EXERCISE REQUIREMENTS: Pictures should be left out while the data beneath this task is written out word for word.

==============================

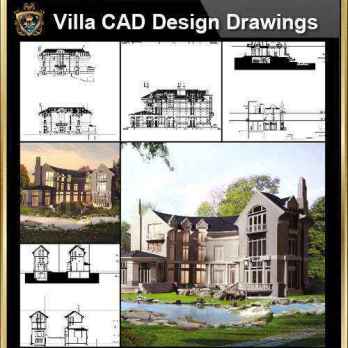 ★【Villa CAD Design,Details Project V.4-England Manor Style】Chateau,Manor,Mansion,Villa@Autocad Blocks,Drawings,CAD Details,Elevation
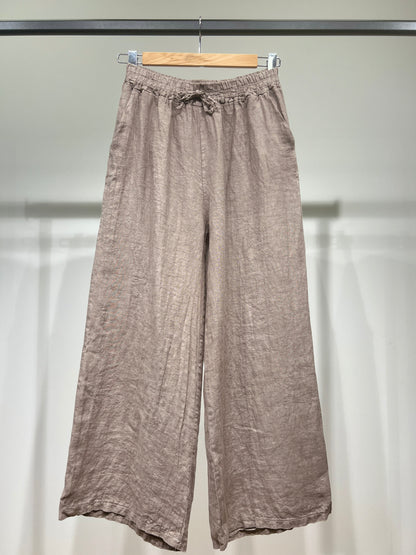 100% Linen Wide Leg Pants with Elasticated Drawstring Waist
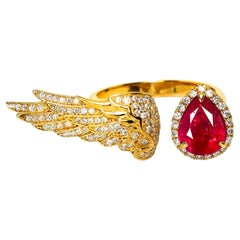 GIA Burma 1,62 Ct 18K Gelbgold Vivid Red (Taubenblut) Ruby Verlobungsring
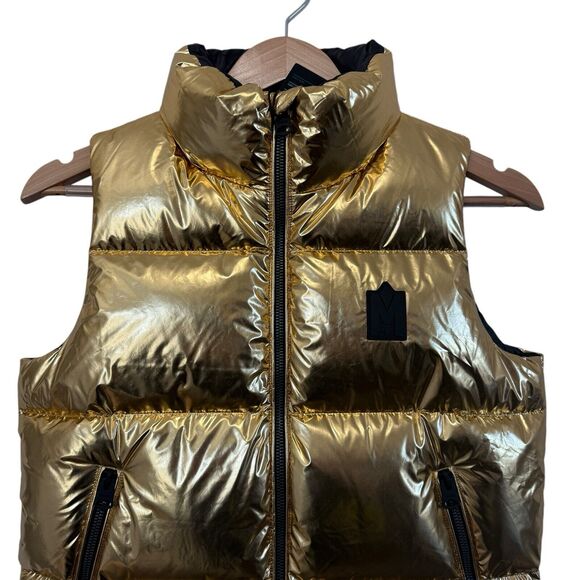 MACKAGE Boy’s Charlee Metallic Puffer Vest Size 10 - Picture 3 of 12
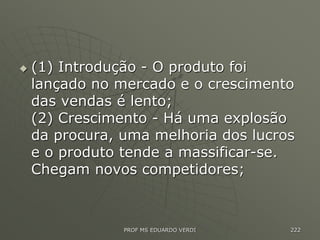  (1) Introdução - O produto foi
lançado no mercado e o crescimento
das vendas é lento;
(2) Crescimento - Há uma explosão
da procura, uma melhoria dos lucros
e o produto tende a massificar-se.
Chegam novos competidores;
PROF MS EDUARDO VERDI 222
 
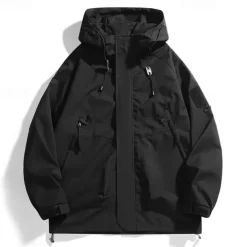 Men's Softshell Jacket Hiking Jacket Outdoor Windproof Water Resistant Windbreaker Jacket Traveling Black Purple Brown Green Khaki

==============================

FINISHED EXERCISE:
 ★【Villa CAD Design,Details Project V.4-England Manor Style】Chateau,Manor,Mansion,Villa@Autocad Blocks,Drawings,CAD Details,Elevation
 100% Linen Wide Leg Pants with Elasticated Drawstring Waist
 GIA Burma 1,62 Ct 18K Gelbgold Vivid Red (Taubenblut) Ruby Verlobungsring
 MACKAGE Boy’s Charlee Metallic Puffer Vest Size 10 - Picture 3 of 12
  (1) Introdução - O produto foi
lançado no mercado e o crescimento
das vendas é lento;
(2) Crescimento - Há uma explosão
da procura, uma melhoria dos lucros
e o produto tende a massificar-se.
Chegam novos competidores;
PROF MS EDUARDO VERDI 222
 
 Men's Softshell Jacket Hiking Jacket Outdoor Windproof Water Resistant Windbreaker Jacket Traveling Black Purple Brown Green Khaki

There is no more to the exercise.